The challenge was designed around a practical railway problem. Inspection trains can generate up to 10TB of data per day, stored locally on board. That data needs to be transferred to land-based systems during limited stabling windows so that it can be processed, analysed, and used for infrastructure monitoring and maintenance decisions.

The winning system combines multi-gigabit mmWave wireless technology, railway-grade networking capability, and data processing. mmWave communications can support high throughput over short distances, making the technology suitable for transferring large datasets while trains are stationary at depots or defined stabling locations.

Rail infrastructure is becoming more data intensive as operators expand condition monitoring, automated inspection, imaging, track geometry measurement, asset analytics, and predictive maintenance. The limiting factor is no longer only the volume of data collected, but the speed at which that data can be moved, processed, secured, and turned into usable maintenance information.

High-volume operational data is now a common constraint across engineering. Complex test engineering workflows increasingly rely on large MDF4 datasets and improved analysis platforms, while rail inspection adds the further challenge of moving terabytes of infrastructure data from vehicles into engineering systems inside short operating windows.

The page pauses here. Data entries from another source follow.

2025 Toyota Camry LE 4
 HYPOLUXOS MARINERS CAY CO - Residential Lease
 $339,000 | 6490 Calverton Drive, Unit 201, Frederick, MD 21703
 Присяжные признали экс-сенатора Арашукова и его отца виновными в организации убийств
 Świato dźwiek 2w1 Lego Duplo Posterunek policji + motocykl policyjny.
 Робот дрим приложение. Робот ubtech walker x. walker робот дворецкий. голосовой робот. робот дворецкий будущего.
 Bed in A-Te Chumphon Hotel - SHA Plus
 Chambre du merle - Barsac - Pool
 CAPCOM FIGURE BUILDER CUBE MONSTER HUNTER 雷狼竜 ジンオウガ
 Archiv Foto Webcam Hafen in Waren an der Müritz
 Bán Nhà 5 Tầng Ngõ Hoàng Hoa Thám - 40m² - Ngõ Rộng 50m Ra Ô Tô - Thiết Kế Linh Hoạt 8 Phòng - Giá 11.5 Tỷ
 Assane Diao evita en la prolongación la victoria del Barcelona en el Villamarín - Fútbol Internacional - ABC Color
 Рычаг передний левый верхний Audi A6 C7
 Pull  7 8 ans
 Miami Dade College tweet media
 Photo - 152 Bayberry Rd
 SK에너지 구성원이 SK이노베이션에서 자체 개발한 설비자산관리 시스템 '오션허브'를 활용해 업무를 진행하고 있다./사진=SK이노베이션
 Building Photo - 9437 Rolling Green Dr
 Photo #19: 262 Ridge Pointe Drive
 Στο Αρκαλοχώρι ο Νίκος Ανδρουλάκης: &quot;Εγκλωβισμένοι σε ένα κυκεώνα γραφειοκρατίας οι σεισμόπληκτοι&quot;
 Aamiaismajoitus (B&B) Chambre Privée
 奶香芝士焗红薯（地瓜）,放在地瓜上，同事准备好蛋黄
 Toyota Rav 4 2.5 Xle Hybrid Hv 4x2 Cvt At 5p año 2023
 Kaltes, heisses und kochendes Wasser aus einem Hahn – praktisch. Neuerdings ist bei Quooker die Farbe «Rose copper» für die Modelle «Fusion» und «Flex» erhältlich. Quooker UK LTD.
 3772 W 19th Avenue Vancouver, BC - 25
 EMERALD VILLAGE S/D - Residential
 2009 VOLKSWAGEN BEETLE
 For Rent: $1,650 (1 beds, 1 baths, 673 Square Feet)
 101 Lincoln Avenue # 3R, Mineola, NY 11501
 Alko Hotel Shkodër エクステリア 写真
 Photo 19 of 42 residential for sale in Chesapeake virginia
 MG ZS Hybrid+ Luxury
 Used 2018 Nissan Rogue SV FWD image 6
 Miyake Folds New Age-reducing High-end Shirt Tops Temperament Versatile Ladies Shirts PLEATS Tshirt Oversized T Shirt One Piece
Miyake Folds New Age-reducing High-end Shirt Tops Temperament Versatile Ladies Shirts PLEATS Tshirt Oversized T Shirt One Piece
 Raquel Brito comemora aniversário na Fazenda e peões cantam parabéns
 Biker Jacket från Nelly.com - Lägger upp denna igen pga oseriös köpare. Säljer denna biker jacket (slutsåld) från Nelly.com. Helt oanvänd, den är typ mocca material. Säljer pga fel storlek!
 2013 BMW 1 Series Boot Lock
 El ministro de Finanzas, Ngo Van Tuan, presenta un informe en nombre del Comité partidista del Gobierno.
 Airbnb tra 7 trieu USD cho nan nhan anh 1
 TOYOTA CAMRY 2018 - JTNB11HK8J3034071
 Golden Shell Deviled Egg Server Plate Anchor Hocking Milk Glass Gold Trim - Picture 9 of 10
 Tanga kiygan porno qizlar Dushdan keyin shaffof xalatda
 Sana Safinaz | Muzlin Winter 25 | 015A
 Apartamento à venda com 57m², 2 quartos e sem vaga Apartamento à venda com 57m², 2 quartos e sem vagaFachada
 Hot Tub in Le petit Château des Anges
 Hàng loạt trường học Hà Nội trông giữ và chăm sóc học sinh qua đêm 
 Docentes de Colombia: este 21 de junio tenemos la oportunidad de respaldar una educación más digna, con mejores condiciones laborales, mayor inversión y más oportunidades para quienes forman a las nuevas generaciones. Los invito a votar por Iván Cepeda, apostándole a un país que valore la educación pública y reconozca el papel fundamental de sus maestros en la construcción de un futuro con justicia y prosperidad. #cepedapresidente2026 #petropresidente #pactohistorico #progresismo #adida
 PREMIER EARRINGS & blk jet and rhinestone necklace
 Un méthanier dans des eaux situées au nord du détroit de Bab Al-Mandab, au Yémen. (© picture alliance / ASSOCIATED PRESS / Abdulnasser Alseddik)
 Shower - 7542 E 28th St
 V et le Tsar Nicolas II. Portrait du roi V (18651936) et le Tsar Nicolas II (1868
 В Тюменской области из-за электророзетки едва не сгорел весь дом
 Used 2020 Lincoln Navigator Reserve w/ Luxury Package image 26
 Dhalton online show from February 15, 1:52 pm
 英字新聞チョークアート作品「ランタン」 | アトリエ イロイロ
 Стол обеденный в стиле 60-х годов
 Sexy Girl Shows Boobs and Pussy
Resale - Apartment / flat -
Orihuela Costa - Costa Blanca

Traditional wireless transfer methods can struggle when data volumes reach multi-terabyte levels and transfer time is limited. Manual extraction, physical media handling, or slower network links add delay and operational friction. High-throughput train-to-ground transfer can reduce that bottleneck and bring inspection data into analysis systems sooner.

The engineering challenge is not only bandwidth. Railway environments create constraints around ruggedness, alignment, electromagnetic compatibility, safety, installation space, cybersecurity, and maintainability. Equipment must perform reliably around moving vehicles, metallic structures, variable weather, vibration, and operational procedures that leave little room for fragile systems.

mmWave systems also require careful design because high-frequency links are more sensitive to alignment, blockage, range, and environmental conditions than lower-frequency communications. Demonstrating the system under railway operating conditions therefore gives the consortium a stronger basis than a laboratory throughput figure alone.

Faster data transfer could support more frequent inspection, shorter analysis cycles, and more responsive maintenance. Track, overhead line, signalling, tunnel, bridge, and rolling stock data all become more valuable when they can be acted upon quickly. Delayed data can still support trend analysis, but rapid transfer improves the chance of identifying and prioritising emerging faults before they affect service.

The winning team will now have a route into further proof of concept work with Deutsche Bahn. Commercial deployment will depend on how the system integrates into depots, inspection train operations, data platforms, and maintenance workflows. A high-speed link is useful only if the surrounding data chain can ingest, process, secure, and distribute information at comparable speed.

Rail digitalisation is often discussed through signalling, passenger information, and traffic management. The Westermo-led project shows another layer: the physical transfer of inspection data from assets into engineering systems. As railways collect more information from infrastructure, moving that information reliably becomes part of the maintenance architecture.